Tufts courses/community
service projects
Due to time considerations,
Lisa very quickly reviewed the following list of students engaged
in Mystic related efforts. This can be developed further in the
next meeting if appropriate.
- Rusty Russell Environmental
Law projects (~16)
- Roberta Oster-Sachs
TV for Social Change- Mystic documentary (4-5)
- Tisch College
students (7-8)
- investigating potentials
in UEP Field Project, EXP 0048-F, AWSEAM placements
- others? Engineering?
Planning for 2003-2004
(next meeting will focus on Tufts role in MWC)
Goals discussed as:
- Identifying, selecting
and orchestrating collaborative projects
- Building involvement
in community and at Tufts University, including PR (suggestion
to work with the PR or Communications dept Susan Eisenhower and/or
Peter Sanborn at enews to promote with students what Tufts is
doing with Mystic
Role of MWC members
- Networking and information
sharing
- Shaping and influencing
collaborative projects · Communication-internal and external
Questions/issues
raised in this discussion
- What does it mean
to be a part of the Collorative?
- Is the Collaborative
about Tufts being a "good citizen?"
- Need to look at each
project from multiple perspectives-MyRWA, Tufts, community groups
to figure out what resources needed to be successful and communicate
that.
- Tufts faculty liaison
role. Would like Molly Mead, serving this capacity at present
to be able to attend meetings as faculty outreach so key to goals
of MWC
Other
- Archives status?
Lisa will investigate.
Meetings
- Facilitation- Rotation
suggested, but group elected Lisa to facilitate meetings.
- Minutes- TIE continues
to offer to take minutes, Eve reports they have hired a new person
who will fill this role.
- Content- Discussed
having project updates and some announcements in advance of meeting
date. Possibility raised of web postings. Janet offered to update
listserve.
- Members- Lisa will
prepare list of collaborative members and contact info. Mau would
like the group to discuss students' roles at the next meeting.

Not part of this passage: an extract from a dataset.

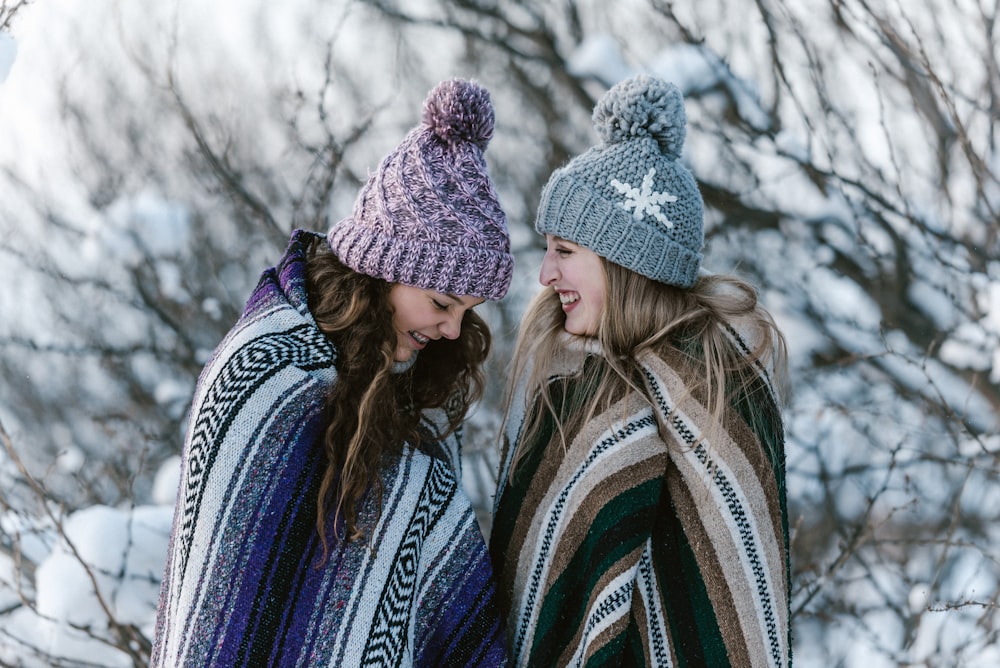 Due donne in coperta a righe multicolori in piedi vicino all'albero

Dale raised a new student representative interest, Simon Goldberg,
who was a River Institute participant. Recommended to invite him
to attend next meeting. Nancy will invite a board member.

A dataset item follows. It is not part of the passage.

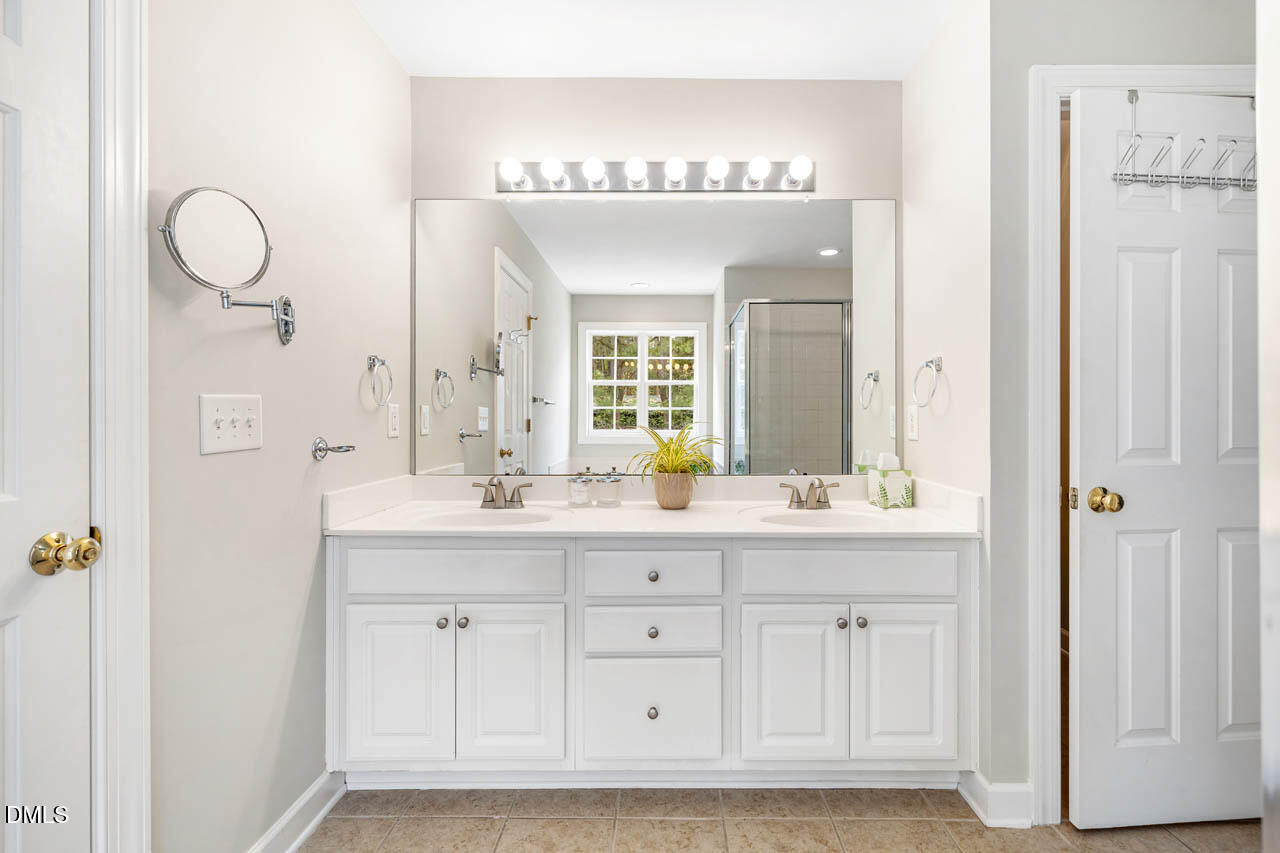 265 Old Chestnut Crossing Moncure, NC 27559 - Photo 23 of 45 a bathroom with a double vanity sink and a mirror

- Frequency- Once a month,
suggested to select a day and week for consistency. Sheet sent
around for time availability which suggested Wed at 2:30-4:30
best slot given current info.
Projects
Community Day- Janet
and Lisa reported on invitation to participate in Tufts event on
Oct 18th, on Medford campus for Somerville and Medford communities.

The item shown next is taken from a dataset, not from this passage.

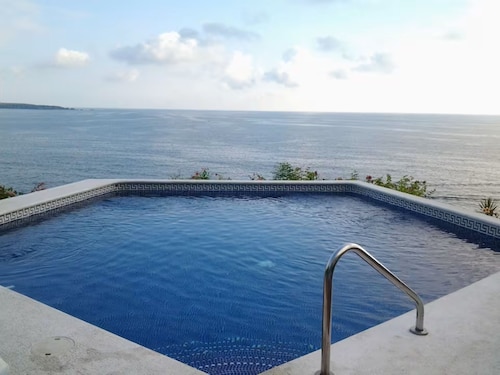 Beautiful condo #19 with 2 pools, one by the sea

Participation approved, Janet and Lisa will coordinate effort.
AWSEAM- Dale spoke of
gathering momentum for Spring 2004 course using River Institute
as model. Tisch College supported RI in first year, MACC and
others for next three years, but not financially sustainable model
as summer course. Positive meeting this week called by Molly Mead
of Tisch College with Engineering and Center for Interdisciplinary
Studies (CIS) Directors. CIS would sponsor the course. Students
would be immersed in a watershed semester. They would work in community-based
organizations for ~`5-20 hours a week, attend a weekly watershed
restoration based seminar, and take 1-2 other related courses. Integrative
events twice during the semester would strive to highlight the interdisciplinary
nature of watershed work and expose more students to the Mystic
efforts. MyRWA strongly supports the AWSEAM proposal!